# Task:
The answer should consist solely of the lines from the first one below through the line containing "The Pumpkin Book", copied exactly.

Dataset records START

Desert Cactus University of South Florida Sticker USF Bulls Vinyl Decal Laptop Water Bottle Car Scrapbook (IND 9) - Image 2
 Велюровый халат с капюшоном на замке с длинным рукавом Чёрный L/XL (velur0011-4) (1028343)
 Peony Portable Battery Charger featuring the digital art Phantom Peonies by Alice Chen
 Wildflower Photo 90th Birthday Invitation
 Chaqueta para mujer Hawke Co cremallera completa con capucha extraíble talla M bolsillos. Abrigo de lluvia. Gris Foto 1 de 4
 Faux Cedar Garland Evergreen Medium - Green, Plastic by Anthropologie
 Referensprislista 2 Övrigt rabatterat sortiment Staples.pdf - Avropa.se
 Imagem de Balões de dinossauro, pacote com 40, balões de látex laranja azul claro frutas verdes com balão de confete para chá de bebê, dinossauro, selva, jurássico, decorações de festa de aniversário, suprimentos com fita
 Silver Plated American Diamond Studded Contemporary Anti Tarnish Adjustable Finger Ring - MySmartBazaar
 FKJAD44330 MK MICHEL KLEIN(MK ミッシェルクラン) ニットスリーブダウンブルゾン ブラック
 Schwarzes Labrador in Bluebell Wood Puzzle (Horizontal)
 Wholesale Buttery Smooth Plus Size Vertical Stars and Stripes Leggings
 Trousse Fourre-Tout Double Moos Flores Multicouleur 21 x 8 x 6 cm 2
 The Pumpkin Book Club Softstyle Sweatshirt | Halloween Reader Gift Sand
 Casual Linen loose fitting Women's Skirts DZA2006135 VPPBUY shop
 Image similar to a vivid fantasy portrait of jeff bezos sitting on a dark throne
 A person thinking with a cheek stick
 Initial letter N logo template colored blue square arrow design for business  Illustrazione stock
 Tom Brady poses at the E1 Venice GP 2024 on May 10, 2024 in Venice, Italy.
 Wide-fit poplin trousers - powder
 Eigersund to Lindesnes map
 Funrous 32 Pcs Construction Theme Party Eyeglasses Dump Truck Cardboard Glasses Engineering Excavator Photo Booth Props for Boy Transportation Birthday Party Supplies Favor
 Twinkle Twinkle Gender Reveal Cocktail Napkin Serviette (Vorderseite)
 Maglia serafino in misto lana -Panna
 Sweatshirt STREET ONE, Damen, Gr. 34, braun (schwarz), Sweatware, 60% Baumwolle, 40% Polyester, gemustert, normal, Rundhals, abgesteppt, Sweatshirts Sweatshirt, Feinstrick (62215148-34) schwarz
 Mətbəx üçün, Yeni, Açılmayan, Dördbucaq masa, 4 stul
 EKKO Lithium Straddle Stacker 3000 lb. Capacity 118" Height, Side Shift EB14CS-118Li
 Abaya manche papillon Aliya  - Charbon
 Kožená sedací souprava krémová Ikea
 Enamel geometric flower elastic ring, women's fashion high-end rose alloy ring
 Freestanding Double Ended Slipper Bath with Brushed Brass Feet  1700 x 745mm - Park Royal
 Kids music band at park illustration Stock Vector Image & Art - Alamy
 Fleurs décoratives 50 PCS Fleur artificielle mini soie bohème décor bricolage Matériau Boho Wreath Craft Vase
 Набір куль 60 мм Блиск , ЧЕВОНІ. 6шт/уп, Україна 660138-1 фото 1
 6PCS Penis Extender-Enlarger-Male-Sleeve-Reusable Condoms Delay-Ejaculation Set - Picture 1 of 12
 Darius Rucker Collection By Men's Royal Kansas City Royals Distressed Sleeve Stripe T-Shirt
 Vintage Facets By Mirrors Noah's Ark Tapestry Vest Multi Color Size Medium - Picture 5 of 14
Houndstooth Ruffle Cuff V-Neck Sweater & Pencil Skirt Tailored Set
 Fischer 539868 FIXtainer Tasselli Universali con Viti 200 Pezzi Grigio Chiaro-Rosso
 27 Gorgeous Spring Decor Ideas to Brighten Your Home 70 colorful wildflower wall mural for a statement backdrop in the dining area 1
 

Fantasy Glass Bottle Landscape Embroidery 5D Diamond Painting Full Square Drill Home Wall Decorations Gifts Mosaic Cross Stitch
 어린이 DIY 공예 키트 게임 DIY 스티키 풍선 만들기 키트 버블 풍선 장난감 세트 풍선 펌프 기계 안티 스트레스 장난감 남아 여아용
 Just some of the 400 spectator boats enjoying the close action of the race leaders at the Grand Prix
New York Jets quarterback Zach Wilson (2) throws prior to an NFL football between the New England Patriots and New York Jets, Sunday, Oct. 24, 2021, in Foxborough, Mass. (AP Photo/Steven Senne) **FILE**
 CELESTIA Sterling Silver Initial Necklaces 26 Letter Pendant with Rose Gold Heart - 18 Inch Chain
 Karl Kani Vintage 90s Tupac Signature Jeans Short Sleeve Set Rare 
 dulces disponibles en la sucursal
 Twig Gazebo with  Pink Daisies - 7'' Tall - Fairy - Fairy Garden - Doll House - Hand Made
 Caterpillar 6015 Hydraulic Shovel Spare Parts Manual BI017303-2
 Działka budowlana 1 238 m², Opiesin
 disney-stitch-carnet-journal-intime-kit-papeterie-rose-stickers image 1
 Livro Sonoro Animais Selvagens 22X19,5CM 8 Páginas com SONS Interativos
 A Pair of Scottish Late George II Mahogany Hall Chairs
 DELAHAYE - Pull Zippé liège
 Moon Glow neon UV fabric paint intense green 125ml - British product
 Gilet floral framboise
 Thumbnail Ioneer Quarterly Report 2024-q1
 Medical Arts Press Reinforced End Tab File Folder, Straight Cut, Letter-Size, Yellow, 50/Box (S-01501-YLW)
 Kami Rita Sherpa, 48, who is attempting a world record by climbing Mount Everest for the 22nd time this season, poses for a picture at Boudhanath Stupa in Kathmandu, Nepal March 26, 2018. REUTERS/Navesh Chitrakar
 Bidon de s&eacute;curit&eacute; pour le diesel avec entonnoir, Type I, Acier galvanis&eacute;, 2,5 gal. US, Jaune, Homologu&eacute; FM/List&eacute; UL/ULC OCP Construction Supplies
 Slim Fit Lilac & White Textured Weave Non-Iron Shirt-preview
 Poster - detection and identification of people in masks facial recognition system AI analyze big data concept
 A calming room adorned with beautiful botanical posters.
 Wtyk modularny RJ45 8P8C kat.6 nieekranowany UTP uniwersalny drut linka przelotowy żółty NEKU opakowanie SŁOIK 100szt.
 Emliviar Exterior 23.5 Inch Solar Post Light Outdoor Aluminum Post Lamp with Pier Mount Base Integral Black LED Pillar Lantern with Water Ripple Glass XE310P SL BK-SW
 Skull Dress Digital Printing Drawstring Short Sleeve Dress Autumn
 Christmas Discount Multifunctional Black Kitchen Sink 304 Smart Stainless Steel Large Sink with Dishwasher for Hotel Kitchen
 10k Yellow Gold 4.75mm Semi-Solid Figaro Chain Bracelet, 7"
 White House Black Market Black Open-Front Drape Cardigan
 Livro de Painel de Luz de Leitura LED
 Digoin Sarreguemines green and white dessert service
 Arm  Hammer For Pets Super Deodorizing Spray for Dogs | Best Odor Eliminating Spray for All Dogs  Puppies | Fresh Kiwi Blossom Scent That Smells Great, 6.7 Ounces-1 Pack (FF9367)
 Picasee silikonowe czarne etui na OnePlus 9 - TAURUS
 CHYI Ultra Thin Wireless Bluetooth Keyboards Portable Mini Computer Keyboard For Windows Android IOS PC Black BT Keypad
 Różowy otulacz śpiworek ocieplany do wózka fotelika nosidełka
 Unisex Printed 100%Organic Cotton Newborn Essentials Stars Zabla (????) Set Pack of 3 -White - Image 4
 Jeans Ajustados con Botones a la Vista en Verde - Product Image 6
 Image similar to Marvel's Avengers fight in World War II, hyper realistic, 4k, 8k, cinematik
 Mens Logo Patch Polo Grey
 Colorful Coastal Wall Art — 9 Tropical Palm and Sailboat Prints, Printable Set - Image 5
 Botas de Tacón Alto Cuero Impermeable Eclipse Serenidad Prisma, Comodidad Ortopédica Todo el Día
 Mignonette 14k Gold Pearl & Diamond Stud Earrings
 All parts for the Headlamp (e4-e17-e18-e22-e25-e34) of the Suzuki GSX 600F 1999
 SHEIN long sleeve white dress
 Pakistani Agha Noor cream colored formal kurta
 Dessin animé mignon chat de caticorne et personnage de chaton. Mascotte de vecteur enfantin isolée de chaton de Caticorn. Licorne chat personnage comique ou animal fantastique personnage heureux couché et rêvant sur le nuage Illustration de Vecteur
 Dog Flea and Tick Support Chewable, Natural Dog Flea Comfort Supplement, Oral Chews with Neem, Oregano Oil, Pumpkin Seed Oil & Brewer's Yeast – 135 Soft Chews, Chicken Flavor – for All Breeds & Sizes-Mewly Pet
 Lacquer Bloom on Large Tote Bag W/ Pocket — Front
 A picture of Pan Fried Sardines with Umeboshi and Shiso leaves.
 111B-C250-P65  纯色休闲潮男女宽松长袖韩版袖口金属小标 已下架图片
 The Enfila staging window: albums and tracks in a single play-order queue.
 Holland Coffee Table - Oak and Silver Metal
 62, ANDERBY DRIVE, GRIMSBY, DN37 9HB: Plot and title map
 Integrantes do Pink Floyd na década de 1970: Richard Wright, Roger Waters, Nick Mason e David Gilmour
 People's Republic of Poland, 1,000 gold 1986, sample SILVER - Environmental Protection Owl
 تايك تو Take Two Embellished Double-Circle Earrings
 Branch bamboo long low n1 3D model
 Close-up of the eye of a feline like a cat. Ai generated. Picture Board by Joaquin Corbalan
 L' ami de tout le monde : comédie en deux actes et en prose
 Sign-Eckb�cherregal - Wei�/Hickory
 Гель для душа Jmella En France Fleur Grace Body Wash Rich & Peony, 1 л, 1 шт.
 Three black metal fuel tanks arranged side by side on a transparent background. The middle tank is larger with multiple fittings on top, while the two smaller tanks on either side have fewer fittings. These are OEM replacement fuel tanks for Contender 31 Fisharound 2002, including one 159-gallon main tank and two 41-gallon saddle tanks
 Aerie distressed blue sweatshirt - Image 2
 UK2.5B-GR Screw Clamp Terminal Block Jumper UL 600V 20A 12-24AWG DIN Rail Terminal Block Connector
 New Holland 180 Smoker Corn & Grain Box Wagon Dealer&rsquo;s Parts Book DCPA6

Dataset records END

# Response area:
Desert Cactus University of South Florida Sticker USF Bulls Vinyl Decal Laptop Water Bottle Car Scrapbook (IND 9) - Image 2
 Велюровый халат с капюшоном на замке с длинным рукавом Чёрный L/XL (velur0011-4) (1028343)
 Peony Portable Battery Charger featuring the digital art Phantom Peonies by Alice Chen
 Wildflower Photo 90th Birthday Invitation
 Chaqueta para mujer Hawke Co cremallera completa con capucha extraíble talla M bolsillos. Abrigo de lluvia. Gris Foto 1 de 4
 Faux Cedar Garland Evergreen Medium - Green, Plastic by Anthropologie
 Referensprislista 2 Övrigt rabatterat sortiment Staples.pdf - Avropa.se
 Imagem de Balões de dinossauro, pacote com 40, balões de látex laranja azul claro frutas verdes com balão de confete para chá de bebê, dinossauro, selva, jurássico, decorações de festa de aniversário, suprimentos com fita
 Silver Plated American Diamond Studded Contemporary Anti Tarnish Adjustable Finger Ring - MySmartBazaar
 FKJAD44330 MK MICHEL KLEIN(MK ミッシェルクラン) ニットスリーブダウンブルゾン ブラック
 Schwarzes Labrador in Bluebell Wood Puzzle (Horizontal)
 Wholesale Buttery Smooth Plus Size Vertical Stars and Stripes Leggings
 Trousse Fourre-Tout Double Moos Flores Multicouleur 21 x 8 x 6 cm 2
 The Pumpkin Book Club Softstyle Sweatshirt | Halloween Reader Gift Sand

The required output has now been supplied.